Mais, dans notre cas, concevoir la
naissance comme étant une catastrophe réelle, c’est affirmer le caractère
hasardeux de l’existence humaine, une existence qui est donc ouverte à toutes
les tergiversations possibles sur les situations-limites.
Aux simulations de la catastrophe dénoncées
par Annie Le Brun, notre tergiversation devrait donc prendre la forme d’une
vaticination circulaire, à savoir une ritournelle tournant en boucle avec les
fins dernières de l’homme et s’opposant non seulement aux discours
apocalyptiques du Spectacle desservis par la presse, à la télévision et au
cinéma (« Le temps est à la crise, KRACH ! Il nous faudra faire
des sacrifices ! Consommez moins, travaillez plus, KRACH !
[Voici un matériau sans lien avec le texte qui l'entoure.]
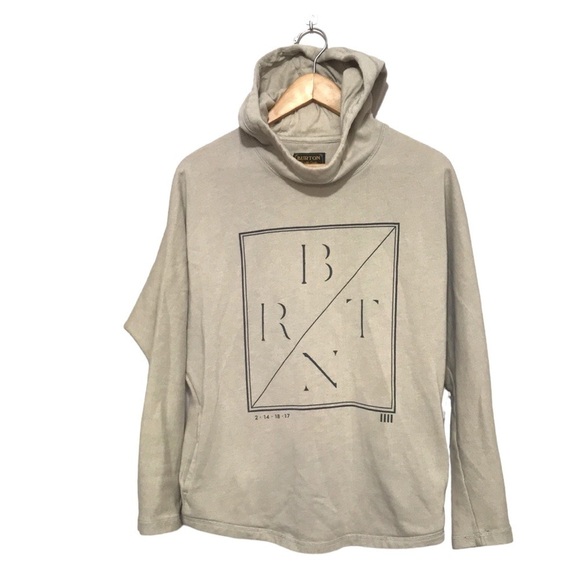 BURTON pullover graphic hoodie sweatshirt size XS oversized beige - Picture 1 of 11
Montez sur les montagnes, indignez-vous ! »), mais aussi à nombre de
discours scientifiques cherchant à décrire et à expliquer ce qu’est la
catastrophe.
[1] Hegel :
« La figure la plus
nette d'un infini à penser sans contradiction est l'accumulation illimitée des
nombres dans la série numérique ... De même qu'à chaque nombre nous pouvons
encore ajouter une unité sans jamais épuiser la possibilité de continuer à
compter, de même à la suite de chaque état de l'Être se range un autre état, et
l'infini consiste dans la production illimitée de ces états. Cet infini pensé avec exactitude n'a donc aussi qu'une seule forme
fondamentale avec une seule direction. En effet, si pour notre pensée il est
indifférent de se représenter une direction opposée dans l'accumulation des
états, l'infini progressant à reculons n'est cependant qu'une production
mentale inconsidérée. Comme dans la réalité on devrait, en effet, la parcourir
en sens inverse, elle aurait à chacun de ses états une série
numérique infinie derrière elle. Mais ce serait commettre la contradiction
inadmissible d'une série infinie nombrée et il apparaît donc absurde de
supposer une seconde direction à l'infini. » Cette pensée de
Bartleby se répétant sans contradiction se retrouve, par exemple, dans Le pacte de lucidité,
une intelligence du mal, un des derniers livres de Jean Baudrillard.
[2] Perspective dépravée. Entre catastrophe réelle et catastrophe
imaginaire, Annie Le Brun. Editions du Sandre, Paris : 2011. Pp. 56,
57.
[3] Le passage suivant de
l’essai Appel d’air est cité dans Perspective dépravée, p. 18.